→ **Exercise aim**
Nothing but the lines from the top of the following entries through the line with "Nostalgia Boutique Hotel Girne Kültér fotó" should be printed, exactly as they are.
▬▬▬▬▬▬▬▬▬▬
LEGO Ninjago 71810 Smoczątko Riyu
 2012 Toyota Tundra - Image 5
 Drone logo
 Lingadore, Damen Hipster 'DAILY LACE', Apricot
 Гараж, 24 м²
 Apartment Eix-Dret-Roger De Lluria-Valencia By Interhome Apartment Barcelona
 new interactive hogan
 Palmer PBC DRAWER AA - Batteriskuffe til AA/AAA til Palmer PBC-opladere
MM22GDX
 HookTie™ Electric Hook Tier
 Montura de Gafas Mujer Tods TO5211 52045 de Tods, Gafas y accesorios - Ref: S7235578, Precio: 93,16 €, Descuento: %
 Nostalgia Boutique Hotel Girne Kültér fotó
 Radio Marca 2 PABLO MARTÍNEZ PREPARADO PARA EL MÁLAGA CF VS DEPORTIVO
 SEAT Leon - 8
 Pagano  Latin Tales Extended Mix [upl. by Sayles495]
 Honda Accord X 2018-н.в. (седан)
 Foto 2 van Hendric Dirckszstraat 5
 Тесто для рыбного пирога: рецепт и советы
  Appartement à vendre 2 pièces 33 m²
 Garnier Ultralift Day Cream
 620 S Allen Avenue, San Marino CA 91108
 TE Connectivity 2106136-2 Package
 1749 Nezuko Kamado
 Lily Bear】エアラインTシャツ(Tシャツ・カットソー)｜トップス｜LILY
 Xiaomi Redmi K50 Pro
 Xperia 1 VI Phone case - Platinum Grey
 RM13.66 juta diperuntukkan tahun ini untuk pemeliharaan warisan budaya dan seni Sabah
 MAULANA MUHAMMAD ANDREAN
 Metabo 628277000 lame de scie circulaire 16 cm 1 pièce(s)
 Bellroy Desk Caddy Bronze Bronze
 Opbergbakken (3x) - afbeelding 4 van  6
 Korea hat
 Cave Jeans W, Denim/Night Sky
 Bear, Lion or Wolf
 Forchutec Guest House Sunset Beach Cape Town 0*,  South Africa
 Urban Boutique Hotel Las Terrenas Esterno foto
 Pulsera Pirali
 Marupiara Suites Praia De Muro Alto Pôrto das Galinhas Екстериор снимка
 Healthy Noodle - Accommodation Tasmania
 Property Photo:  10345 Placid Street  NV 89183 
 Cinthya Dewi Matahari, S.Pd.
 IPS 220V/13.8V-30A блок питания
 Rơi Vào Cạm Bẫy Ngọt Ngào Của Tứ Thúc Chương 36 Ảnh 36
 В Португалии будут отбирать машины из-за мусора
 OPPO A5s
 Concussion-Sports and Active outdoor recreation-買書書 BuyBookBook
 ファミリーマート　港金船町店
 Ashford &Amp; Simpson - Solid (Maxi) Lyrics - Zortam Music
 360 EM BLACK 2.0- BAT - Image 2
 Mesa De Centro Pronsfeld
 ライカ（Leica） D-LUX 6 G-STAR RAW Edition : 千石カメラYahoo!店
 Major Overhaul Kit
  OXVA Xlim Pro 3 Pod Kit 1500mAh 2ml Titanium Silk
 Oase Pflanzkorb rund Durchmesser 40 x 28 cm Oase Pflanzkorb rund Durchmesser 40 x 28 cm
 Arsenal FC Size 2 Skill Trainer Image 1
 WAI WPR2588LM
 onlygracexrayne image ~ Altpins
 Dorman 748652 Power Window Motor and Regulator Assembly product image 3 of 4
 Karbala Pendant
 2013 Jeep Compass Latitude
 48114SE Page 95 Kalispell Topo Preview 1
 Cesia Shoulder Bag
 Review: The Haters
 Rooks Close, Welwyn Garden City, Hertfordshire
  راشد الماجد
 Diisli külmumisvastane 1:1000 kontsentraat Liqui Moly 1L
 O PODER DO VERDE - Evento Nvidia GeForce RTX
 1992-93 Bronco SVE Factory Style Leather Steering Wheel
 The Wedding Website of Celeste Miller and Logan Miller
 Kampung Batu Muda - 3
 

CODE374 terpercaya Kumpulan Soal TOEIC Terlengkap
▬▬▬▬▬▬▬▬▬▬
→ **Solution to the problem**
LEGO Ninjago 71810 Smoczątko Riyu
 2012 Toyota Tundra - Image 5
 Drone logo
 Lingadore, Damen Hipster 'DAILY LACE', Apricot
 Гараж, 24 м²
 Apartment Eix-Dret-Roger De Lluria-Valencia By Interhome Apartment Barcelona
 new interactive hogan
 Palmer PBC DRAWER AA - Batteriskuffe til AA/AAA til Palmer PBC-opladere
MM22GDX
 HookTie™ Electric Hook Tier
 Montura de Gafas Mujer Tods TO5211 52045 de Tods, Gafas y accesorios - Ref: S7235578, Precio: 93,16 €, Descuento: %
 Nostalgia Boutique Hotel Girne Kültér fotó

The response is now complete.